◆ What you should do: Only the lines from the one containing "3 Gloucester St #2302 — Photo 7" to the end of the records should be given again, word for word and in full.

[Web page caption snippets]
=-=-=-=-=
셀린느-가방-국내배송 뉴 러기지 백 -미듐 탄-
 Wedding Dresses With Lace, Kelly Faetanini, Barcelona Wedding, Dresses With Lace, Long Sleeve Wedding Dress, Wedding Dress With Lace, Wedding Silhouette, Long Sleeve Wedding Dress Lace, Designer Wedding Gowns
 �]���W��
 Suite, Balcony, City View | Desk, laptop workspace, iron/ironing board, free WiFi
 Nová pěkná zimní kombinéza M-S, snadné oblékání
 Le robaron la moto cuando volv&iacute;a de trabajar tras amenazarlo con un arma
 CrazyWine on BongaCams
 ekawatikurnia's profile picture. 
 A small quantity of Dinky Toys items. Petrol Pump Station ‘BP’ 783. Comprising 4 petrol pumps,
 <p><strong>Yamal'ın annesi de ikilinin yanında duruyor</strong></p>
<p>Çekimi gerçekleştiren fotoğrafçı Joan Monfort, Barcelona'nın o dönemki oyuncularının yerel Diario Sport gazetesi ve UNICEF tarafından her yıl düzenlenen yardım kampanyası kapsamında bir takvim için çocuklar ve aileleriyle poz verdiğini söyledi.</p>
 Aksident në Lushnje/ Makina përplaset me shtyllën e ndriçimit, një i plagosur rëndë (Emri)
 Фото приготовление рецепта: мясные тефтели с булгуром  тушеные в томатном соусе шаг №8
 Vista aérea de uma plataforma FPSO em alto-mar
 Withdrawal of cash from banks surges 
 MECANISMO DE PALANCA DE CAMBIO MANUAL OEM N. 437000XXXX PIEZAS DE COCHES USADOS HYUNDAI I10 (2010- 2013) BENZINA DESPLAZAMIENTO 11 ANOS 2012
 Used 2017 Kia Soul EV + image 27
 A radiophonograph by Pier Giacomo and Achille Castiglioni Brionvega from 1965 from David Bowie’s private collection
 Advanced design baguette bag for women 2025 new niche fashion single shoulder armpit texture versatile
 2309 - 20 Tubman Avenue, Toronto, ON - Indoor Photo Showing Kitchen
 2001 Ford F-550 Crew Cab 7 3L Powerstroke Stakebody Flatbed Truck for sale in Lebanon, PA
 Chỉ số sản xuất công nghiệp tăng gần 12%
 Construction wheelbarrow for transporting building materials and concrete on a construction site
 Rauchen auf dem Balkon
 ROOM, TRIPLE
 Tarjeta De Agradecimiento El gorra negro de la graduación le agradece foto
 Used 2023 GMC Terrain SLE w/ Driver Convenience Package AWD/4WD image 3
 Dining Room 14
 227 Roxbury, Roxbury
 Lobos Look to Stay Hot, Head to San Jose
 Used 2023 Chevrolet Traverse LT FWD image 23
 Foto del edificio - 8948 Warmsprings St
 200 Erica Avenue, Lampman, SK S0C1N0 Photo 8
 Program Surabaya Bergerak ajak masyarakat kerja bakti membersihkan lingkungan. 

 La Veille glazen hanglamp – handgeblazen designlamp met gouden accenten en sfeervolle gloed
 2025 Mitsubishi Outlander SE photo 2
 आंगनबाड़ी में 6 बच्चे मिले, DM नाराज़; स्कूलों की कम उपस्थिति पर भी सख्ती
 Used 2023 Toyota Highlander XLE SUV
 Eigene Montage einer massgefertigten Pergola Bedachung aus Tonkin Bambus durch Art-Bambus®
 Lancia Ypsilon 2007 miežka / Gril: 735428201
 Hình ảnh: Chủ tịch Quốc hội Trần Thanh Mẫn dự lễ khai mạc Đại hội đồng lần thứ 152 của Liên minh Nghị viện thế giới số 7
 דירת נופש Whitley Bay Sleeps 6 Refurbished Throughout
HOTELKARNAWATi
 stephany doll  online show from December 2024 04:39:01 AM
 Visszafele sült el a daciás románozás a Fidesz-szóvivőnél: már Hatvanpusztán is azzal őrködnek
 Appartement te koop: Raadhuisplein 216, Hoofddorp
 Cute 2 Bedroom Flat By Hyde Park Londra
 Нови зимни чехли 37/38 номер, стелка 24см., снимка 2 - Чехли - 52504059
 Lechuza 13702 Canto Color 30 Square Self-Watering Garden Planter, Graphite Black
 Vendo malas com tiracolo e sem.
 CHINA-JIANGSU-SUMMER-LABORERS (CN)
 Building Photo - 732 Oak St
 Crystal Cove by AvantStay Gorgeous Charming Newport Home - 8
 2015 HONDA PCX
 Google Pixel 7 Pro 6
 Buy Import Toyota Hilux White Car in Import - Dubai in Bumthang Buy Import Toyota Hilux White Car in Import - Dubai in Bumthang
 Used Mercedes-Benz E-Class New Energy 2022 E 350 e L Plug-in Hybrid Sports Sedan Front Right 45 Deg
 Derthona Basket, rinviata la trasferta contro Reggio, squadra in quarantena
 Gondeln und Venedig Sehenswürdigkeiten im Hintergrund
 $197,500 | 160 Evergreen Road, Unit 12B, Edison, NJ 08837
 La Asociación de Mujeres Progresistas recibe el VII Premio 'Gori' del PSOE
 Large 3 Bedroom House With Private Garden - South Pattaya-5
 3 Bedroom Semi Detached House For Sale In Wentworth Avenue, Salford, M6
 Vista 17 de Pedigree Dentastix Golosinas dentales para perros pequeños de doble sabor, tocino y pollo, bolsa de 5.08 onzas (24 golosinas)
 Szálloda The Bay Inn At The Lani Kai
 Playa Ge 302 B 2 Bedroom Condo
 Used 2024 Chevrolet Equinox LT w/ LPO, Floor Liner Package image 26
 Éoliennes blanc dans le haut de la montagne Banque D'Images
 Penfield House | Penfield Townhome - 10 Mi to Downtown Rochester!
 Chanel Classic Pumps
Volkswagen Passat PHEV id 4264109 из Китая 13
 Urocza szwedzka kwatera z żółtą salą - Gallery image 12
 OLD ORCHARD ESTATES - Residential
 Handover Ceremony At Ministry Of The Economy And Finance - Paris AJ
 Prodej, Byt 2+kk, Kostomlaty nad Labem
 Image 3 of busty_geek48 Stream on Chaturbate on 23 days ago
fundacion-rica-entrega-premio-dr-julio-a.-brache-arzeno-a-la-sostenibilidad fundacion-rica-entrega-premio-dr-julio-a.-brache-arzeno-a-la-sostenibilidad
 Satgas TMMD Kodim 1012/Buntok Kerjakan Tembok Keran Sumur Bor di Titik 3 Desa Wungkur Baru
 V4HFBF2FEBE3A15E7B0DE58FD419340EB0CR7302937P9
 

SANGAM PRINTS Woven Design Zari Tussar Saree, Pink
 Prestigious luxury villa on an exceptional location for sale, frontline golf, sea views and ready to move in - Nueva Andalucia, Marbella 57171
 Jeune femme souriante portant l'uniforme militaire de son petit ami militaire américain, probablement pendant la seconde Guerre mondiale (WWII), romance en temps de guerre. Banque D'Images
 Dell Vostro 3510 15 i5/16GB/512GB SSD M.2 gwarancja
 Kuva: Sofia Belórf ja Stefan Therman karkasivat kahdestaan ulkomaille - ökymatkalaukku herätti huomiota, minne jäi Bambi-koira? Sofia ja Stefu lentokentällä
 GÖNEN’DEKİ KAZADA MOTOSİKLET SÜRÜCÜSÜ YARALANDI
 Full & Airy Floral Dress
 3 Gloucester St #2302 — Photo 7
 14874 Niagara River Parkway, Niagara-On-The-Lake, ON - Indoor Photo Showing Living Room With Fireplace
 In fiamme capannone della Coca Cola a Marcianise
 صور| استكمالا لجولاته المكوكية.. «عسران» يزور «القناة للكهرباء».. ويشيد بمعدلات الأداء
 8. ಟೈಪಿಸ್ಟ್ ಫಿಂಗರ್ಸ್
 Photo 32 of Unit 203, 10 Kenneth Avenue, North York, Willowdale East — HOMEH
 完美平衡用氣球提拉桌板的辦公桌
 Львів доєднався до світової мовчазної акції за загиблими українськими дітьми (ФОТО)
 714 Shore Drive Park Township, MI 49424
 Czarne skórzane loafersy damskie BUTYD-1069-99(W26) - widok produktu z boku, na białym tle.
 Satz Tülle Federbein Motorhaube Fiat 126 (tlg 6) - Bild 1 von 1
=-=-=-=-=
◆ Response below:
 3 Gloucester St #2302 — Photo 7
 14874 Niagara River Parkway, Niagara-On-The-Lake, ON - Indoor Photo Showing Living Room With Fireplace
 In fiamme capannone della Coca Cola a Marcianise
 صور| استكمالا لجولاته المكوكية.. «عسران» يزور «القناة للكهرباء».. ويشيد بمعدلات الأداء
 8. ಟೈಪಿಸ್ಟ್ ಫಿಂಗರ್ಸ್
 Photo 32 of Unit 203, 10 Kenneth Avenue, North York, Willowdale East — HOMEH
 完美平衡用氣球提拉桌板的辦公桌
 Львів доєднався до світової мовчазної акції за загиблими українськими дітьми (ФОТО)
 714 Shore Drive Park Township, MI 49424
 Czarne skórzane loafersy damskie BUTYD-1069-99(W26) - widok produktu z boku, na białym tle.
 Satz Tülle Federbein Motorhaube Fiat 126 (tlg 6) - Bild 1 von 1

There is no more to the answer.